YAHYA KEMAL BEYATLI (1884-1958)

Asıl adı Ahmet Agah’tır. Milli Edebiyat akımına uymamış bağımsız olarak eserler vermiştir. Geçmişe bağlı kalarak kendine has bir şiir oluşturmuştur.

İstanbul’un doğal güzelliklerini yansıtan şair. “İstanbul şairi” olarak tanınmıştır. Sanatçı tam bir İstanbul aşığıdır.

Şiirlerinin ana temalarından biri, Osmanlı Devleti’nin tarihidir.

Divan şiiriyle batı şiirini başarılı bir şekilde harmanlamış, Divan şiirine çağdaş bir biçim kazandırmıştır. Divan şiiri nazım biçimleri yanında Batılı nazım biçimlerini de kullanmıştır.

Hece ölçüsüyle yazdığı “Ok” şiiri dışındaki bütün şiirlerini aruz ölçüsüyle yazmıştır.

Aruz ölçüsünü gayet başarılı bir biçimde kullanmış, Türkçeye muhteşem bir şekilde uygulamıştır.

Saf (öz) şiir anlayışının başarılı sanatçılarındandır.

Nazım ve nesri birbirinden uzaklaştırmıştır

Şiirlerinde parnasizm akımının etkileri görülmektedir.

Şiirlerinde biçime önem vermiş, sözcükleri yerli yerinde kullanmaya özen göstermiştir.

Daha çok lirik şiirleriyle tanınmıştır. Bunun yanında epik tarzda da şiirler yazmıştır. “Akıncı” , “Mohaç Türküsü” gibi şiirlerinde kahramanlık duygusunu işlemiştir.

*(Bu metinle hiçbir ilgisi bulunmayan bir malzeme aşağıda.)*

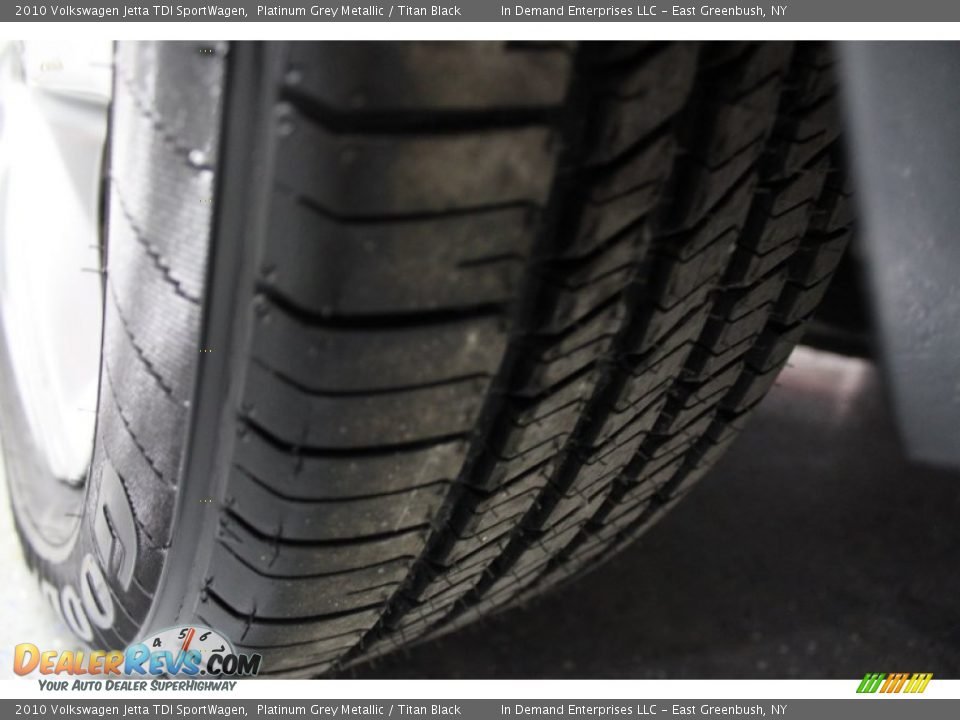 2010 Volkswagen Jetta TDI SportWagen Platinum Grey Metallic / Titan Black Photo #25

Şiirlerinde ahenk ve düzene büyük önem vermiştir. Şiiri musikiden başka bir musiki olarak görmüş bu yönüyle sembolistlere yakınlık göstermiş ancak eserlerinde açık bir anlatım kullandığı için onlarla bu yönden ayrılmıştır.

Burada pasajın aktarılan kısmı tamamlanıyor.